# How to impute missing values in training datasets

recategorized
I have a training dataset in which some values for some features are either blank or NaN. The dataset is a NumPy matrix. How can I replace those missing values with some proper values?

by (233k points)

Imputation of noisy features or missing feature values is a research question. However, there are some existing methods that can be used to impute the missing values. The sklearn library has univariate and multivariate imputation modules.
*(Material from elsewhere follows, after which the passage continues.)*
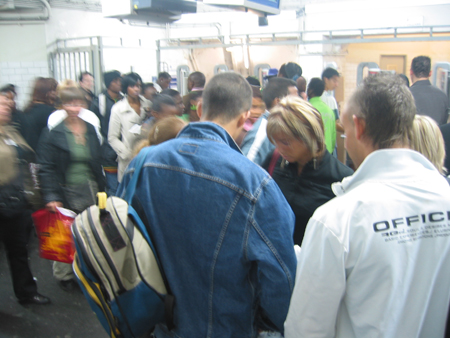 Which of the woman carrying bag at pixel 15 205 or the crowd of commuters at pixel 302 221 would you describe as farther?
the woman carrying bag at pixel 15 205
Here is an example using the univariate feature imputation method. Missing values can be imputed with a provided constant value, or using the statistics (mean, median, or most frequent) of each column in which the missing values are located.

>>> import numpy as np
>>> from sklearn.impute import SimpleImputer
>>> imp = SimpleImputer(missing_values=np.nan, strategy='mean')
>>> X_train = np.array([[4, 2, 3], [6, 1, 1], [7, 6, 5], [4, 9, 10]])
>>> X_train
array([[ 4,  2,  3],
[ 6,  1,  1],
[ 7,  6,  5],
[ 4,  9, 10]])
>>> X_test = np.array([[np.nan, 2, 3], [6, np.nan, 1], [7, 6, 5], [4, 9, np.nan]])
>>> X_test
array([[nan,  2.,  3.],
[ 6., nan,  1.],
[ 7.,  6.,  5.],
[ 4.,  9., nan]])
>>> imp.fit(X_train)
SimpleImputer()
>>> imp.transform(X_test)
array([[5.25, 2.  , 3.  ],
[6.  , 4.5 , 1.  ],
[7.  , 6.  , 5.  ],
[4.  , 9.  , 4.75]])